| i've got potential ( @ 2006-07-20 12:57:00 |
| Current location: | seal |
| Current mood: | |
| Current music: | frou frou - "hear me out" |
"so how do i do normal?"
Thank you for the hugs, guys.
Song lyrics from
nightflight's journal that really resonated:
those summer days we turned our backs on
when I think upon them now, I realize they were the sins
of being so helplessly timid and too young
For many reasons, and not necessarily this summer.
And, a rant:
There are days when I get incredibly angry at the male half of the human species. Not because of fights or some such, but just because of the sense of entitlement men have just because they were born with penises. I'm sorry, but any man who thinks that gender equality has been attained just doesn't get it.

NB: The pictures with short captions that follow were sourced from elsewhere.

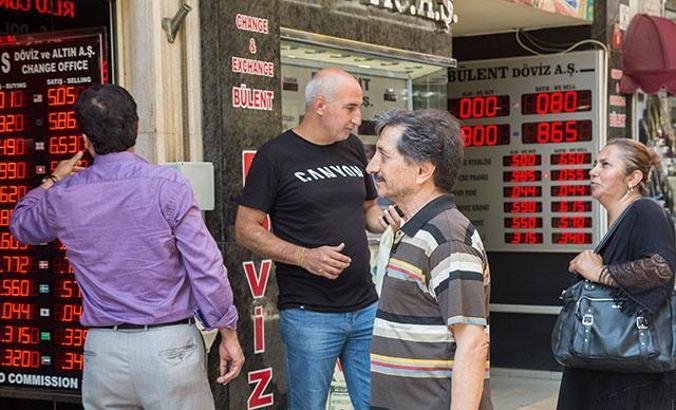 ''Ayaklı Borsa''da dolar hareketliliği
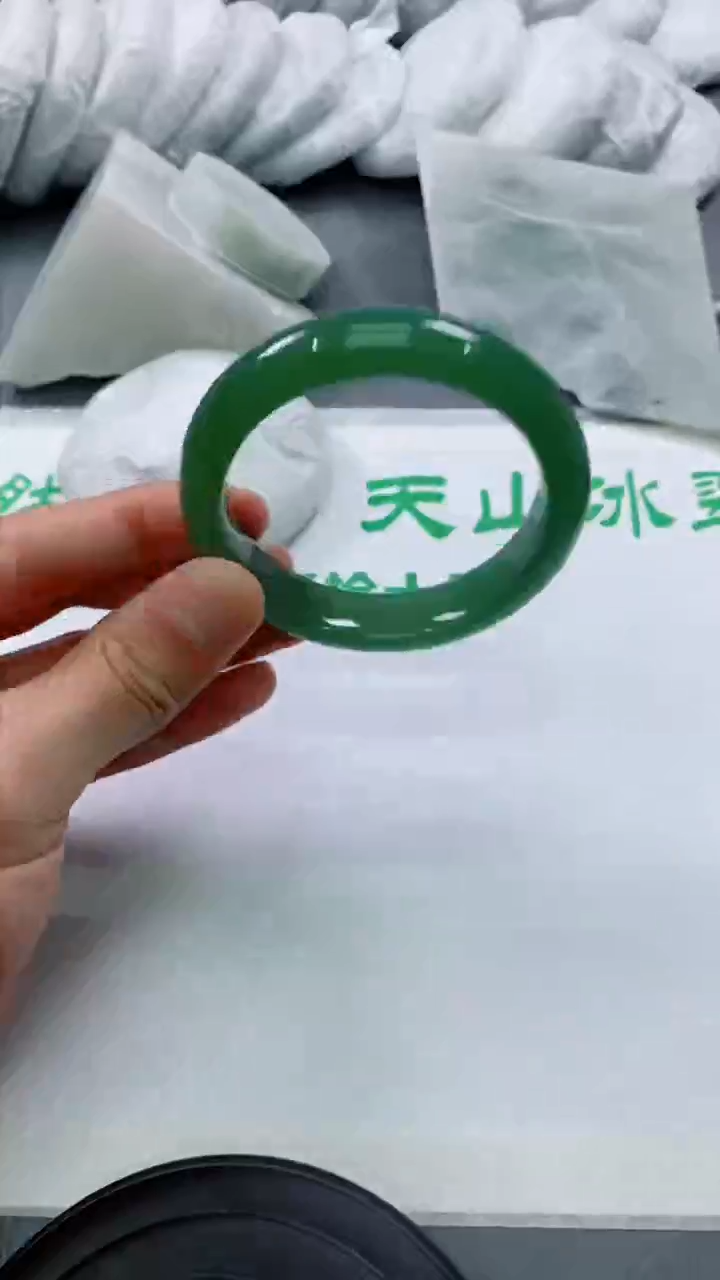 【闪购商品】石英质玉手镯未镶嵌Q44-57-58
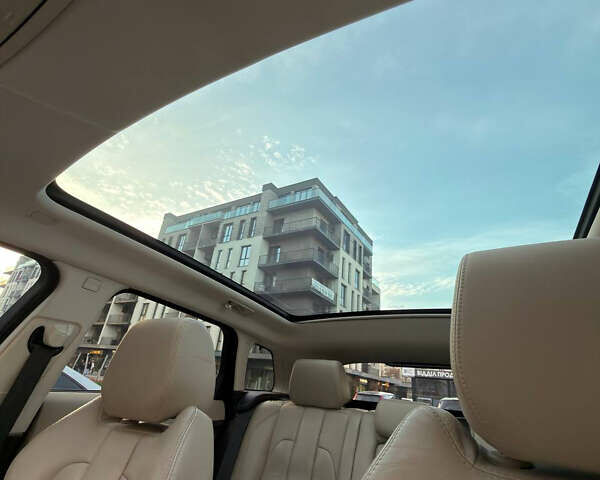 Сірий Ленд Ровер Рендж Ровер Евок, об'ємом двигуна 2 л та пробігом 205 тис. км за 16300 $, фото 18 на Automoto.ua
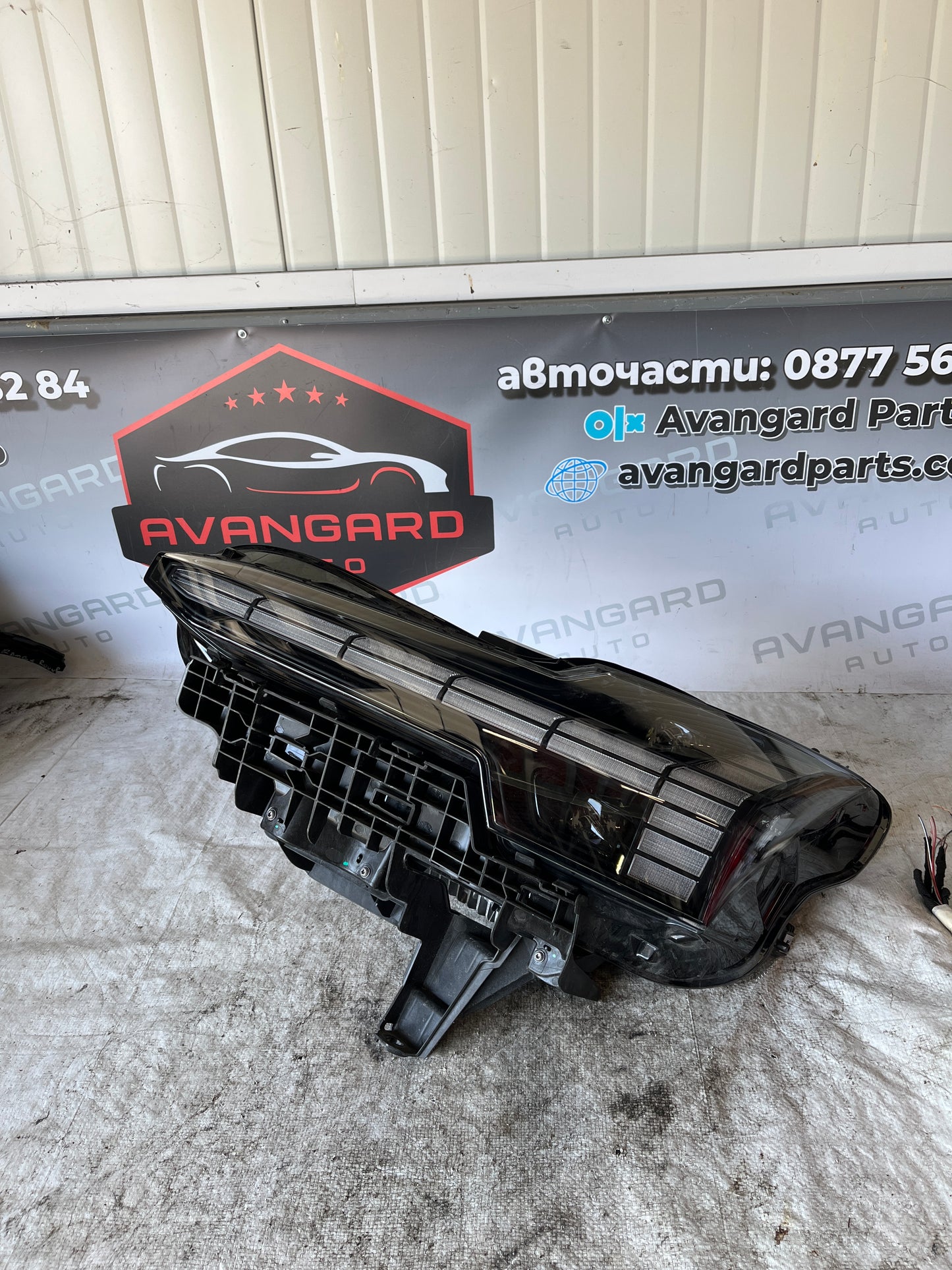 ляв фар Volvo EX30 2023-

I am tired of men thinking that I will automatically do what they want me to do, just because I'm a generally easy-going female. I am tired of men thinking that because I like to cuddle with girls, or because I will make out with one during a drinking game/if the girl asks/if I feel like it, that they can automatically get me to have sex with a woman because it'd be "hot." Speaking of that, I'm tired of men thinking that they have any influence over an aspect of my sex life that doesn't involve them. I'm tired of men ignoring me because they think they can get away with it. I'm tired of men having superior attitudes. I'm tired of men thinking that I can be controlled. That I can be bought. That I don't know exactly what they're doing. That I'm under their thumb.
I'm also kind of tired of getting more and more jaded, but maybe my skin was too thin anyways.
Edit: And what pisses me off most is that I don't sock them in the face for it, but just sit silent. I = bad feminist.